Sanderson Farms, Inc. is a poultry processing company. The Company is engaged in the production, processing, marketing and distribution of fresh and frozen chicken, and also preparation, processing, marketing and distribution of processed and minimally prepared chicken. It sells ice pack, chill pack, bulk pack and frozen chicken, in whole, cut-up and boneless form, under the Sanderson Farms brand name to retailers, distributors, casual dining operators, customers reselling frozen chicken into export markets. The Company, through its subsidiaries, Sanderson Farms, Inc. (Production Division) and Sanderson Farms, Inc. (Processing Division), conducts its chicken operations. Sanderson Farms, Inc. (Production Division) is engaged in the production of chickens to the broiler-stage. Sanderson Farms, Inc. (Foods Division) is engaged in the processing, sale and distribution of chickens. The Company, through Sanderson Farms, Inc. (Foods Division), conducts its prepared chicken business. SAFM has a current market cap of about $2.9 billion.

Earnings and Sales Growth: Over the last twelve months, earnings declined by almost -115%, while revenues improved by about 10.7%. In the last quarter, earnings dropped by -85%, with revenues also down -92.%. SAFM is a company that, like many stocks in the Food Products industry, operates with a very narrow margin profile; however in this case there are signs that even their narrow margins are deteriorating; in the last twelve months, Net Income was 0.92% of Revenues, but declined to -4.68% in the last quarter.

Free Cash Flow: SAFM’s free cash flow is negative, at -$74.4 million. This is actually an ongoing pattern; the last time the company reported positive free cash flow was in the first quarter of 2017.

Dividend: SAFM’s annual divided is $1.28 per share and translates to a yield of 1% at the stock’s current price.

Price/Book Ratio: there are a lot of ways to measure how much a stock should be worth; but I like to work with a combination of Price/Book and Price/Cash Flow analysis. Together, these measurements provide a long-term, fair value target around $185 per share – just a little above the stock’s multiyear high. That offers a big-time discount from its current price, with 48% potential, long-term upside. That is, admittedly, very tempting under current market conditions.

Technical Profile

Here’s a look at the stock’s latest technical chart.

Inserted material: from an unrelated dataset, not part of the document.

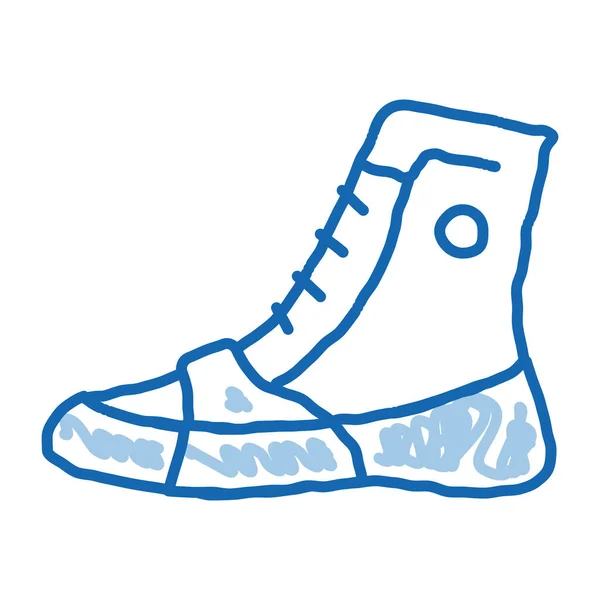 Zapatillas Boxeo Sketch Vector Icono Señal Zapatillas Deporte Dibujado Mano — Archivo Imágenes Vectoriales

Current Price Action/Trends and Pivots: The red diagonal line measures the length of the stock’s longer-term upward trend; it also informs the Fibonacci trend retracement lines shown on the right side of the chart. After reaching a peak near $180 in December of last year, the stock began an extended drop into a downward trend that only recently appears to have found a bottom at around $102 per share. The stock has rallied strongly from that point on the view that protein producers are one of the isolated areas of the economy that is seeing an increase in demand. Immediate resistance is at the 38.2% Fibonacci retracement line, near to $132 per share, with current support around $120. A break above $132 should give the stock momentum to rise to about $141 in the near term, while a push below $120 could see if drop to anywhere between $102 and $108 per share.

Near-term Keys: SAFM’s deteriorating fundamentals work in direct contrast to the value proposition its valuation metrics might tempt you to believe; that makes this stock the perfect definition of a value trap. That doesn’t mean it won’t increase in price in the long term, but it does mean that if it does, it will be based strictly off of the market’s continued emotional reaction to news and events as they happen. In that case, expect to continue seeing a lot of volatility from the stock; however, a push above $132 could offer and interesting, bullish short-term trade, with upside to about $141 that would be great for a short-term buy of the stock or a call option trade. A drop below $120, on the other hand should be taken as a signal to consider shorting the stock or working with put options, using $108 as a likely, useful target price for a bearish trade.